While the Silicon Valley cluster model is very successful, it does not mean that we have to mimic this model. It may not even be possible to do so. It is important that we build our unique clusters based on our national priorities. For example, can the STIP 2000 nurture the green shoots of a bioscience cluster in Bangalore, a pharma cluster in Hyderabad or a high-performance computing cluster in Pune? It is important to reward behaviour that nurtures clusters. Apart from the hard incentives, we need to celebrate industry-academia collaboration on translational research and its conversion into applications like it has been happening through the pandemic till it gets firmly rooted in our public imagination. While it will be tempting to earmark a geographic region or an industry in a region upfront as a cluster, this may not result in the benefits that accrue from a cluster. Rather than force-fit clusters, we may want to allow clusters to evolve organically. Our ability to realize the benefits of knowledge transfer, innovation, specialisation, and increased trust between organisations that clusters provide is important. There are also cost savings in a cluster, usually from increased market power, availability and use of specialised facilities, shared physical and human infrastructure, and reduced risk for entrepreneurs.

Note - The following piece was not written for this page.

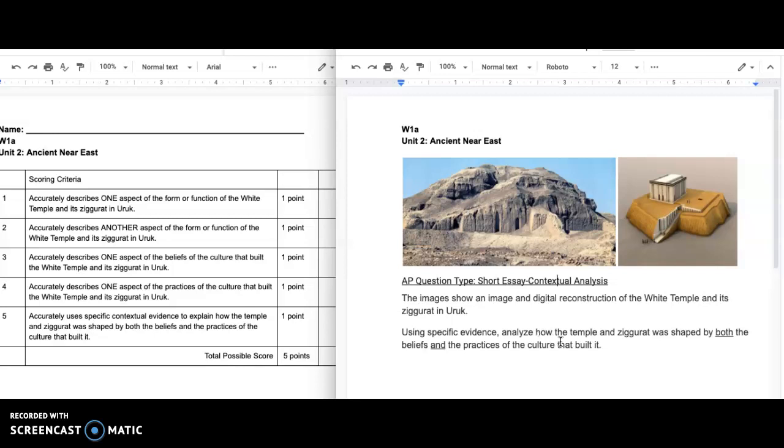First we're going to describe the temple and Ziggurat, and then we're going to describe the beliefs and the practices of the culture, and then we're going to show how those things work together.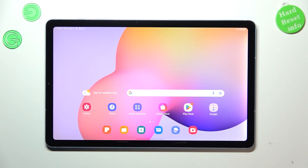Hi everyone! In front of me I've got a Samsung Galaxy Tab S6 Lite and let me share with you how to turn off running apps on this device.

While the benefits of science and technology are often felt and seen; technology policy aspects like translational research and clusters are often intangible. Alfred Marshall states in his seminal Principles of Economics, “The mysteries of the trade become no mysteries; but as it were in the air.” While Marshall mentioned this in the context of industrial districts, it is appropriate to keep this in mind while we are nurturing mechanisms that foster translational research and clusters. Over time, we need to build the tangible and intangible aspects of a vibrant Indian science and technology ecosystem. This is an ongoing journey and STIP 2020 shows us a way forward.
(The writer is co-founder and CEO of itihaasa Research and Digital. Views are personal.)